Gordon Brown delivered another of his trademark speeches on Britishness last night at the London Business School.
By now the subtext to this sort of thing should be clear. Brown has to emphasise the value of the union, because it underpins his own aspiration to be Prime Minister, even though because he is a Scottish MP, many of the decisions he would take would not affect his constituents.
As his former acoylte Charlie Whelan put it recently:
for the sublest rulers of the Raj, epitomised by Brown and by the former defence secretary George Robertson, the thing is to keep banging the drum for the UK. Let the devolution settlement keep the Nats at bay in the north; keep the Britishness to the fore in the south, to preserve the union. This might be labelled the enlightened policy.
That is not to say that Brown’s convictions are not deeply held, and parts of this latest speech are powerful.
There is a golden thread that runs through British history – of the liberty of the individual, the individual standing firm against tyranny and the arbitrary use of power.

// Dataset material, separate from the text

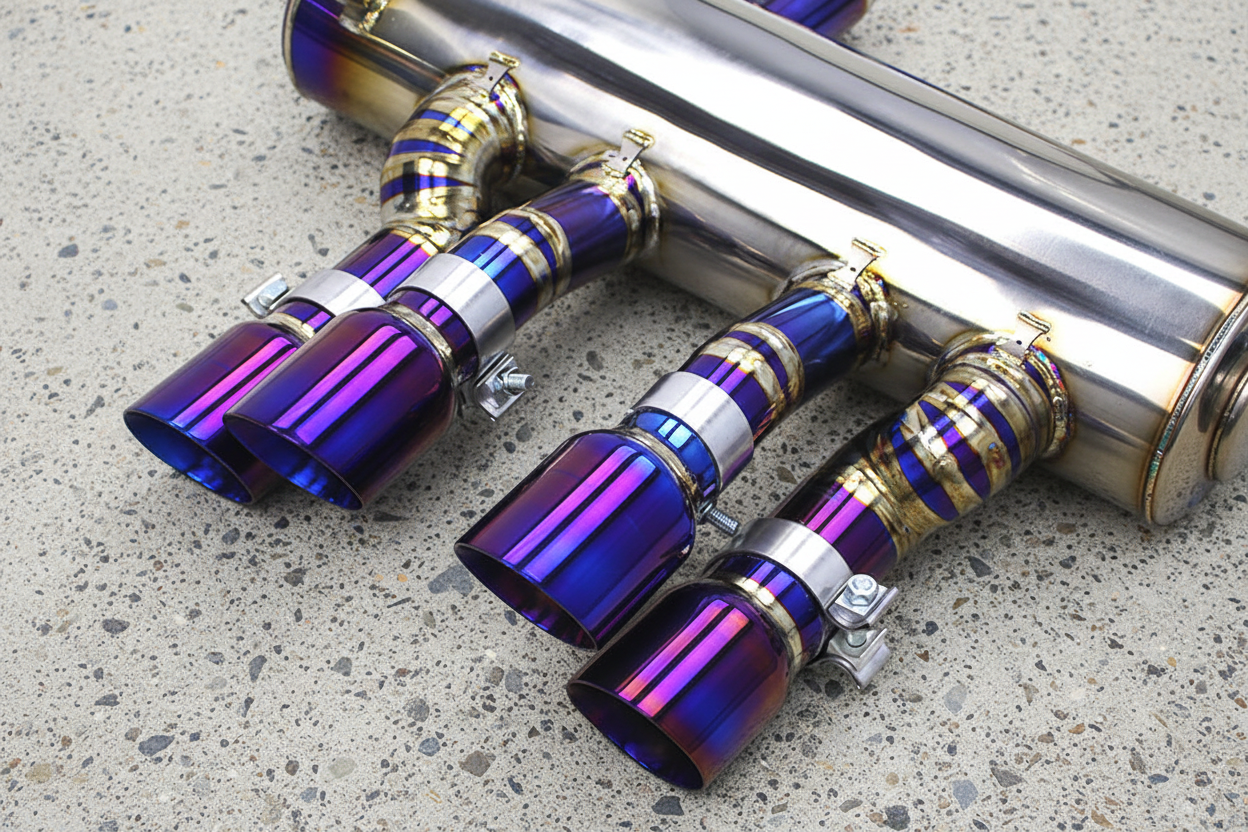 BMW M3/M4 G8X M Performance Titanium Valved Catback Exhaust System with Purple Titanium Exhaust Tips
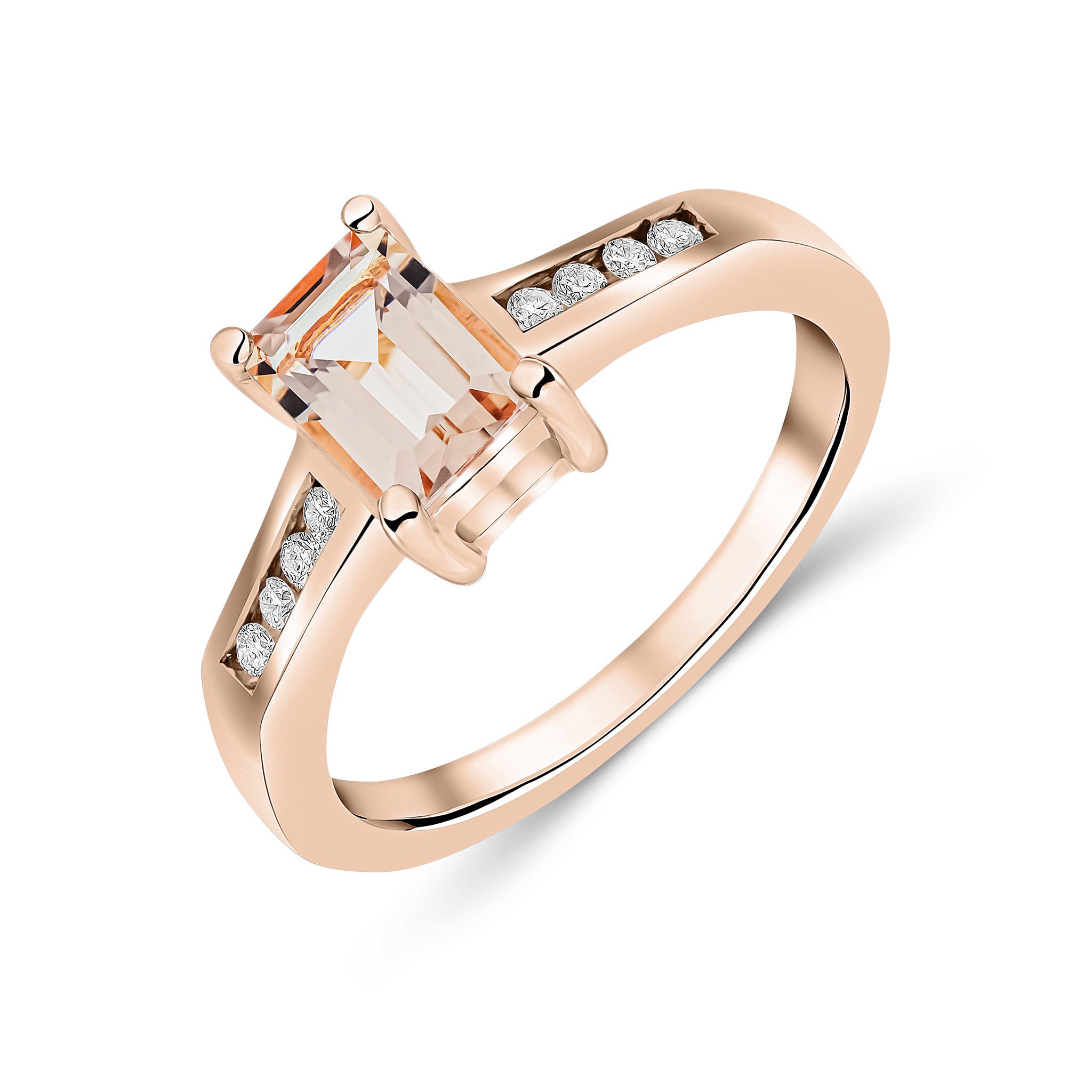 9CT RG 7X5 OCTAGON MORGANITE CLAW SET SINGLE STONE RING WITH CHANNEL SET DIAMOND SHOULDERS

It runs from that historic day in Runnymede in 1215, to the Bill of Rights in 1689, to the social and economic as well as political liberties we cherish today.
Where I differ with Brown is that I see the Acts of Union as strengthening arbitrary state power rather than individual liberty, the Crown rather than the Commonwealth.
This is especially clear in relation to the union between Britain and Ireland, which came about after the defeat of the United Irishmen, who were themselves closely linked to the Scottish enlightenment and the broader liberal tradition.
Brown himself cites the United States as sharing this tradition, but does not point out that it was these very values that led America to break with Britain, inspired by an Englishman, Tom Paine.
The present form of the union between England and Scotland, with its Scottish Labour MPs being whipped through the Commons on English issues, reminds one of the rotten boroughs that Paine criticised.
That spectacle makes it clear the union is more about preserving state power than about preserving liberty.